Writing this story in recent days also brought a realization of a different kind, as several of the people I had gathered quotes from about what happened on November 22, 1963 – aren’t around anymore.
Our family friend John Mahoney died a year ago this weekend, my mother died back in August, and Roll Call founder Sid Yudain passed away in late October.
This past week, another friend of my parents from their Capitol Hill days died, Jean Gilligan, who had been my mother’s first roommate here in Washington, D.C. in 1959.
A staunch Republican from South Dakota, Gilligan came to Washington first to work for her uncle, GOP Rep.
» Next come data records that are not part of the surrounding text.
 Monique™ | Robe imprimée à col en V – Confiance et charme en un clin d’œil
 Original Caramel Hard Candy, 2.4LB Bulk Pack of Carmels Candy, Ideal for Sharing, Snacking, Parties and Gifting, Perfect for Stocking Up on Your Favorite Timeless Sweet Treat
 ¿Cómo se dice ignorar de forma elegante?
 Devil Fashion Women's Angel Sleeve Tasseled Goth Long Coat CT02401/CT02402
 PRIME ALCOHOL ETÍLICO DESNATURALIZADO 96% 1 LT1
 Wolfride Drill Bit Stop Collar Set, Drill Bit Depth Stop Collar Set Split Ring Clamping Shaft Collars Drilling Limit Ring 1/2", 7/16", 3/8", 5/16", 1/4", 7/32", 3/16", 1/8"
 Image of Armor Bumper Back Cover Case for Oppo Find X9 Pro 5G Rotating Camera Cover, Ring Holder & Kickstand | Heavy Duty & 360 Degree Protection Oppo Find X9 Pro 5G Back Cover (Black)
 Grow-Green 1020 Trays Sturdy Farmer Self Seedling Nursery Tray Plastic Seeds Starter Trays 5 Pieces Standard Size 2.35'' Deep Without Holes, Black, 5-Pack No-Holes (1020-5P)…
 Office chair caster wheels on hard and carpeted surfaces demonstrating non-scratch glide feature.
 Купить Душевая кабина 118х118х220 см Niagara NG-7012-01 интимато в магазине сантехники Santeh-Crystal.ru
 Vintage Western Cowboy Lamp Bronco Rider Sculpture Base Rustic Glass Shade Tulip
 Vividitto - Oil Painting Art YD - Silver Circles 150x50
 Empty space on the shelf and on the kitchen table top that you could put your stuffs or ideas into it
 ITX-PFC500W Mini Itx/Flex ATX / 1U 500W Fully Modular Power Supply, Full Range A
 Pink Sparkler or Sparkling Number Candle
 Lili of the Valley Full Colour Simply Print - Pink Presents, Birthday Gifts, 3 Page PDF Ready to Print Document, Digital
Gardner Withrow of Wisconsin.
Soon after my mother arrived in Washington to work for Rep. Keith Thomson (R-WY), a common friend introduced her to Jean as they were grabbing lunch in the Longworth cafeteria; “Hey, you ought to meet this girl from Wyoming.”
Gilligan was the perfect partner in crime for my parents, Mahoney, Yudain and many others, as they enjoyed years of parties with their Capitol Hill friends – Gilligan could knock down a Carling Black Label faster than most of the men in the halls of Congress, and later in life she often went golfing and bowling with me and my parents.
As the priest noted at Gilligan’s funeral earlier this week, most people who work here refer to it as “The Hill” – and it is certainly a community for those who work in the Congress.
Evidence of that was on display at Gilligan’s wake, as former House Minority Leader, Rep. Bob Michel (R-IL) dropped by – Michel turned 90 years old earlier this year.
It was another glimpse back in time on Capitol Hill this week for my family. Thankfully, most days were better than November 22, 1963.